In this section, we present the proposed ACT loss as a comparison with triplet loss and HST loss.

3.2.1 Problem analysis

For triplet loss, the optimization of loss function is based on the selected triplets. However, the inter- and intra-class distances distribution are not explicit. Randomly selected triplet training samples without constraints may make the network unstable and hard to converge. It would be difficult to find an ideal threshold for face verification.

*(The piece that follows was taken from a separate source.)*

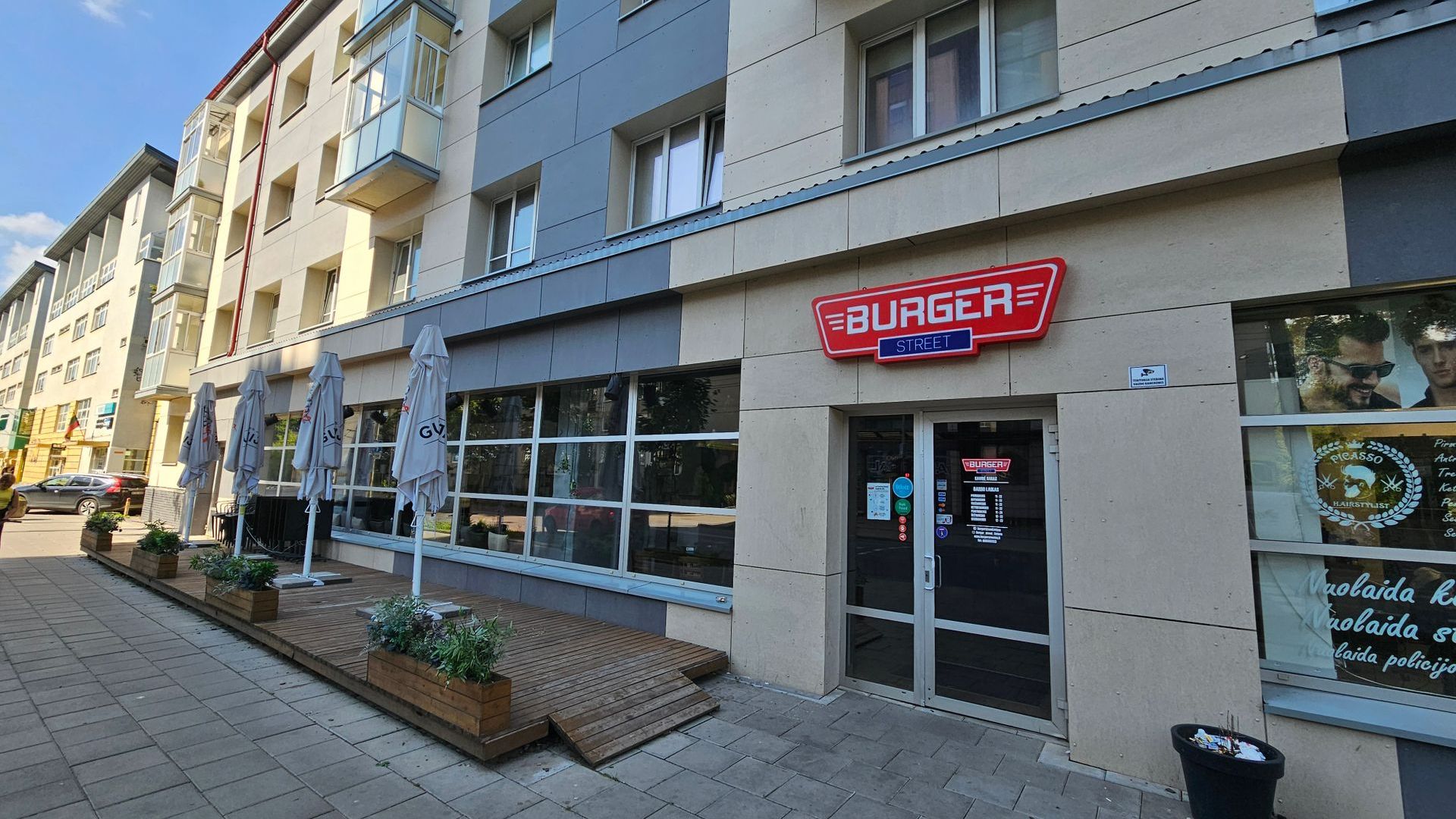 Burger Street (Antakalnio g.)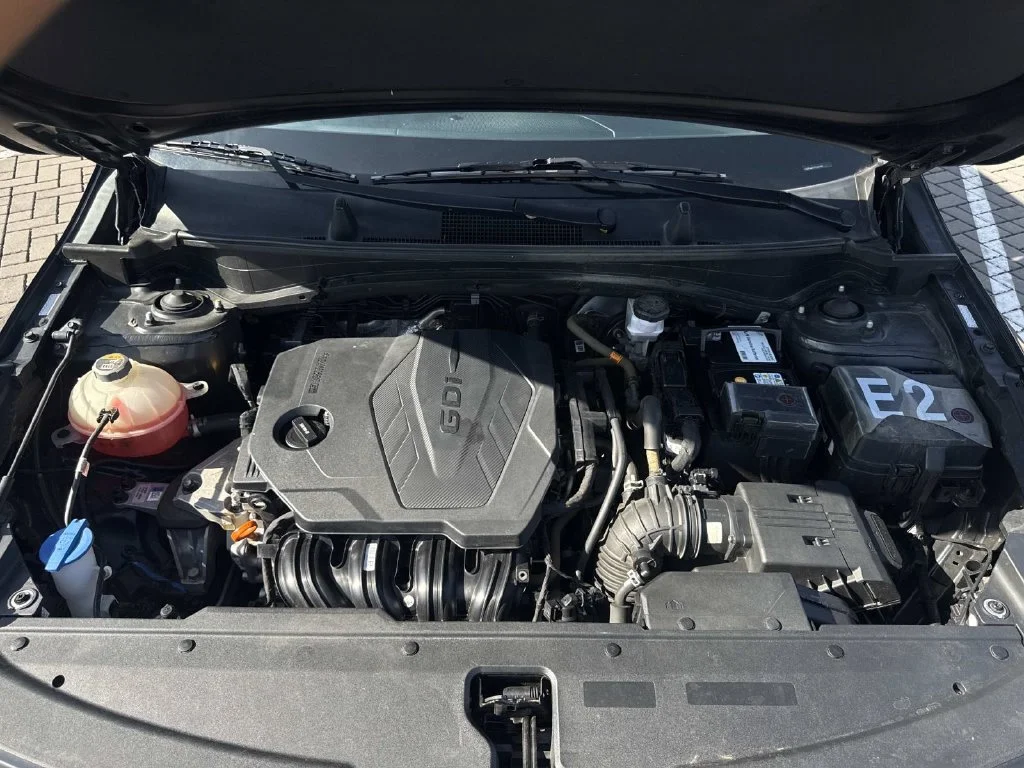 Used 2023 Black Kia LX image 9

A constraint is imposed on triplet samples in HST loss in which the maximum intra-class distance and the minimum inter-class distance are sent to the loss function. As illustrated in Fig. 2b, the selected “hard sample” help to pull samples of the same identity closer while push samples of the different identity away. However, because HST considers inter- and intra-class distances relative to a certain identity when constructing a triplet, namely it considers only the relative distances of positive sample and the negative sample to a special anchor, neglecting the distance between the other negative pairs. Therefore, some negative pairs may fall into positive pairs in the distance space due to the different distance distribution of different class, as illustrated in Fig. 3 where $\mathbf{A }_{i}\mathbf{B }_{j}$ means the distance between i-th sample of class A and j-th sample of class B.

3.2.2 The ACT loss

Different from the HST loss, the ACT loss imposes an absolute constraint that the maximum intra-class distance is smaller than any inter-class distances. In formulation, that is, for each batch, we aim to minimize a loss function as follows:

$$\begin{aligned} \sum _{\mathbf{x }_{i}}\left[ \max \limits _{\mathbf{x }_{j},y_{i}=y_{j}}d(f(\mathbf{x }_{i}),f(\mathbf{x }_{j}))-\min \limits _{\mathbf{x }_{m},\mathbf{x }_{n},y_{m}\ne y_{n}}d(f(\mathbf{x }_{m}),f(\mathbf{x }_{n}))+\beta \right] _{+} \end{aligned}$$

(4)

where $\beta $ is a slack parameter. As illustrated in Fig. 2c, with the absolute constraint, the ACT loss pushes any two negatives apart while pull the positives close. Therefore, compared with the HST loss, it more enhances the discriminating of the learned features.

3.3 The joint loss

To hold the advantage of HST which present CNNs from slow convergence and instability, we reserve the HST loss in the algorithm. Therefore, the final loss consists of two parts. The first part is the HST loss, and the second part is the ACT loss which push the maximum intra-class distance smaller than any inter-class distance. The final loss function is formulated as follows:

$$\begin{aligned} \mathbf{L }=\mu \mathbf{L }_{HST}(\theta )+(1-\mu )\mathbf{L }_{ACT}(\theta ) \end{aligned}$$

(5)

where

$$\begin{aligned} \mathbf{L }_{HST}= & {} \frac{1}{S\times N}\sum _{\mathbf{x }_{i}}\left( \max \limits _{\mathbf{x }_{j},y_{i}= y_{j}}d(f(\mathbf{x }_{i}),f(\mathbf{x }_{j}))-\min \limits _{\mathbf{x }_{k},y_{i}\ne y_{k}}d(f(\mathbf{x }_{i}),f(\mathbf{x }_{k}))+\alpha \right) _{+} \end{aligned}$$

(6)

$$\begin{aligned} \mathbf{L }_{ACT}= & {} \frac{1}{S\times N}\sum _{\mathbf{x }_{i}}\left( \max \limits _{\mathbf{x }_{j},y_{i}=y_{j}}d(f(\mathbf{x }_{i}),f(\mathbf{x }_{j}))-\min \limits _{\mathbf{x }_{m},\mathbf{x }_{n},y_{m}\ne y_{n}}d(f(\mathbf{x }_{m}),f(\mathbf{x }_{n}))+\beta \right) _{+} \end{aligned}$$

(7)

where $d(f(\mathbf{x }_{m}),f(\mathbf{x }_{n}))$ with $y_{m}\ne y_{n}$ is the distance between any two images with different labels in a batch; $\mu $ is the parameter to balance the HST loss and the ACT loss. The value of $\mu $ is same to the way of (Cheng et al. 2016) and $\mu $ is set to be 0.6; $\alpha $ and $\beta $ are the margin force the HST loss and absolute constraint separately. We traverse the value of the margin parameter $\alpha $ within (0.1, 0.2, 0.3, 0.4, and 0.5), and then we choose 0.4 as the margin. Similarly, we traverse the value of the margin parameter $\beta $ within (0.8, 1.0, 1.2, 1.4, and 1.6), and choose 1.2 as the margin. Equation 5 is optimized using the standard stochastic gradient descent with momentum (Jia et al. 2014).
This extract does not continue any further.